Problem details: Using the records below, quote only the span that opens with the line containing "Havana, Native American, Frog" and closes with the line containing "Sekjen DPP PKB", exactly and inclusively.

[Start of section]

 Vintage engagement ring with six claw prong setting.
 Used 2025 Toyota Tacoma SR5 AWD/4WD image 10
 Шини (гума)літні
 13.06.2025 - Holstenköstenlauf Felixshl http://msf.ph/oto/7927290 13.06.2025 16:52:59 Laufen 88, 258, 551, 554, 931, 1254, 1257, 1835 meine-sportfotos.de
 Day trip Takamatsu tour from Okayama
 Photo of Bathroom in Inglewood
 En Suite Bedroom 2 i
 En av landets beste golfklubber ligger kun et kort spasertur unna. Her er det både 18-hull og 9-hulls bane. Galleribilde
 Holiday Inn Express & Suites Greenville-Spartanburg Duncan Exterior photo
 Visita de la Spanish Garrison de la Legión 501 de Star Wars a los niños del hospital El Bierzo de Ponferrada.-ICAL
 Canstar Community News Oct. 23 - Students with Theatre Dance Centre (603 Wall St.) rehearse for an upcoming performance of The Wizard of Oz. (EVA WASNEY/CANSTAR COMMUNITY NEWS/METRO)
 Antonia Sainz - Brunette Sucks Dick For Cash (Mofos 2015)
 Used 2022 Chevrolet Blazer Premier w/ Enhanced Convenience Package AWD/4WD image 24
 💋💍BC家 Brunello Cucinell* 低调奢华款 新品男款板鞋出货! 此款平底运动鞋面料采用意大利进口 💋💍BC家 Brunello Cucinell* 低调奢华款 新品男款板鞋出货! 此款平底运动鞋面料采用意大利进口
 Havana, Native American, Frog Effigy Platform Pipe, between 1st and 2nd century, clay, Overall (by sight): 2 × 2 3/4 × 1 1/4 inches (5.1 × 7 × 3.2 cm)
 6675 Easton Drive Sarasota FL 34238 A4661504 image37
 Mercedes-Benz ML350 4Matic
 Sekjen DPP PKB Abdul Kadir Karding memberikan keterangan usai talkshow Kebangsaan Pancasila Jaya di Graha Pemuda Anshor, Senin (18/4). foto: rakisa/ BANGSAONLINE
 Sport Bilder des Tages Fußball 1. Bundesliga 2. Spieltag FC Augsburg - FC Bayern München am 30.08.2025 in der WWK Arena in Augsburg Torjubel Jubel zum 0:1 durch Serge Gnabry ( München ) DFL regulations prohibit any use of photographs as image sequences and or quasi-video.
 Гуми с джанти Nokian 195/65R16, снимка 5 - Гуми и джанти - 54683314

[End of section]

Task answer:
 Havana, Native American, Frog Effigy Platform Pipe, between 1st and 2nd century, clay, Overall (by sight): 2 × 2 3/4 × 1 1/4 inches (5.1 × 7 × 3.2 cm)
 6675 Easton Drive Sarasota FL 34238 A4661504 image37
 Mercedes-Benz ML350 4Matic
 Sekjen DPP PKB Abdul Kadir Karding memberikan keterangan usai talkshow Kebangsaan Pancasila Jaya di Graha Pemuda Anshor, Senin (18/4). foto: rakisa/ BANGSAONLINE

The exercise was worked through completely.